[[ Dataset content, beginning ]]

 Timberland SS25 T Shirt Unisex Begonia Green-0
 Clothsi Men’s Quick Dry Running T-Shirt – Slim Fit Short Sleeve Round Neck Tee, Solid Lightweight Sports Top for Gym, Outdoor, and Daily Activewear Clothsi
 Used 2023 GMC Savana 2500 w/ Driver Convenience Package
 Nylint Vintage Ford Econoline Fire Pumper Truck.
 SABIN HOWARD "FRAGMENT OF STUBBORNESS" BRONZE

[[ Dataset content, end ]]
[[ Dataset content, beginning ]]

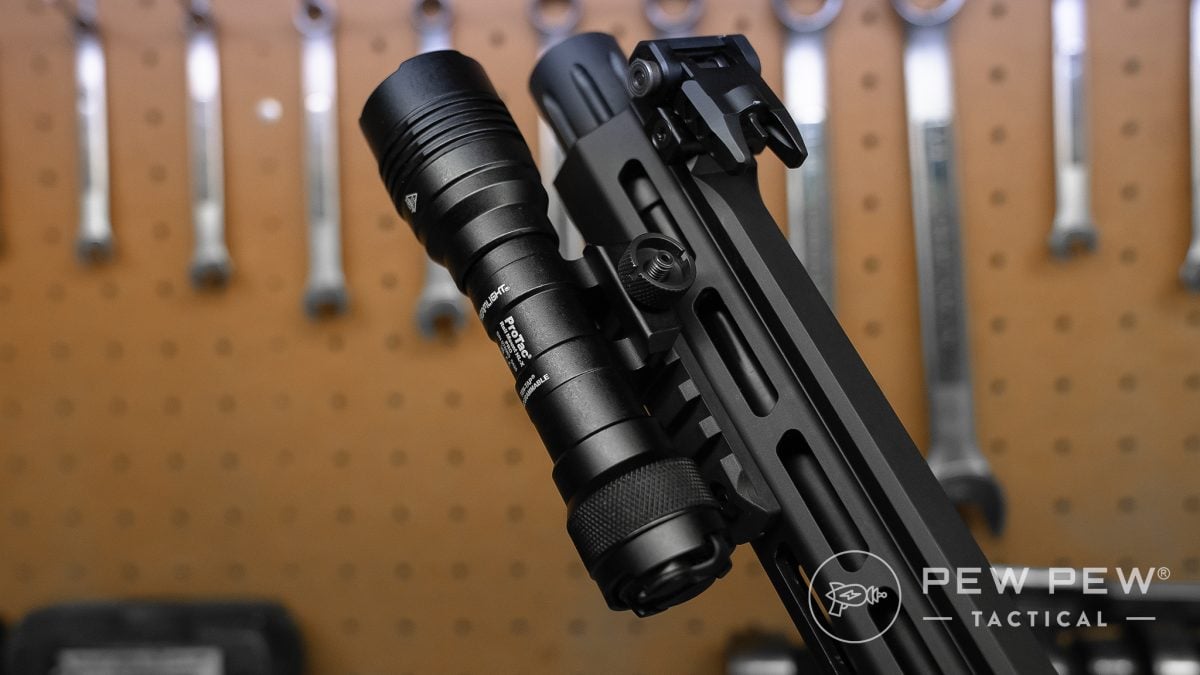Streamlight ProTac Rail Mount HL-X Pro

[[ Dataset content, end ]]

Aim of the exercise - Which lines of the data include the word "Shirt"? Copy each one.

Finished task -
 Timberland SS25 T Shirt Unisex Begonia Green-0
 Clothsi Men’s Quick Dry Running T-Shirt – Slim Fit Short Sleeve Round Neck Tee, Solid Lightweight Sports Top for Gym, Outdoor, and Daily Activewear Clothsi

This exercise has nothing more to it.